Texas Freedom Network President Kathy Miller released the following statement after a divided State Board of Education gave preliminary approval to new social studies curriculum standards for Texas public schools:

"Some board members themselves acknowledged this morning that the process for revising curriculum standards in Texas is seriously broken, with politics and personal agendas dominating just about every decision. We could probably choose a handful of names at random from a phone book and find folks who demonstrate more competence and responsibility in deciding what nearly 5 million Texas kids learn in their public school classrooms."

During meetings in January and this week, the state board made numerous changes to standards proposed by teachers, scholars and other curriculum writers over the past year. Among the decisions made by the board this week:

* The board rejected a proposed standard requiring students to "examine the reasons the Founding Fathers protected religious freedom in America by barring government from promoting or disfavoring any particular religion over all others." That means the board opposes teaching students about the most fundamental constitutional protection for religious freedom in America.
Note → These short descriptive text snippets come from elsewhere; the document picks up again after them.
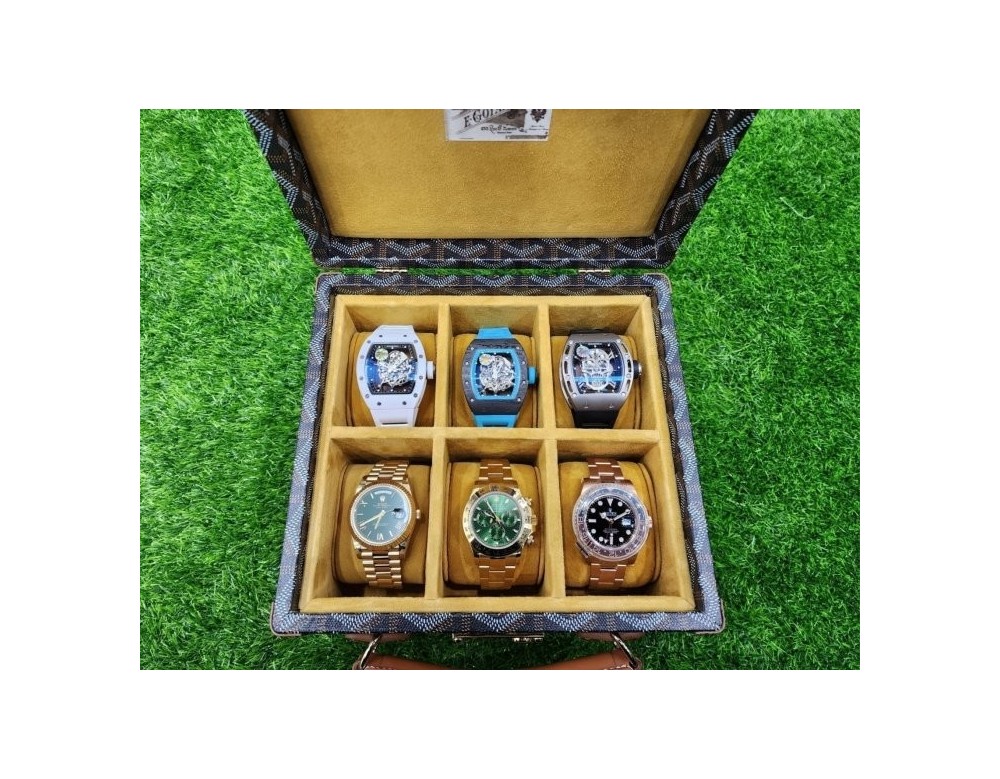 고야드 워치 박스 트렁크 2COLOR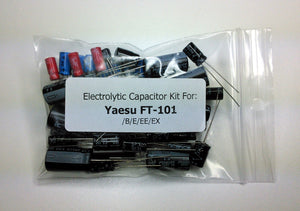 Yaesu FT-101 /B/E/EE/EX electrolytic capacitor kit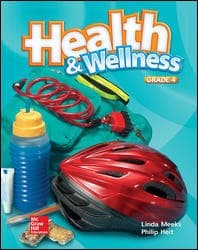 Tapa de Health & Wellness Grade 4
* Even as board members continued to demand that students learn about "American exceptionalism," the board stripped Thomas Jefferson from a world history standard about the influence of Enlightenment thinkers on political revolutions from the 1700s to today. In Jefferson’s place, the board’s religious conservatives succeeded in inserting Thomas Aquinas and John Calvin. They also removed the reference to "Enlightenment ideas" in the standard, requiring that students should simply learn about the influence of the "writings" of various thinkers (including Calvin and Aquinas).

* The board removed the word "capitalism" from the standards, mandating that the term for that economic system be called "free enterprise" throughout the standards. Board members such as Terri Leo and Ken Mercer charged that "capitalism" is a negative term used by "liberal professors in academia."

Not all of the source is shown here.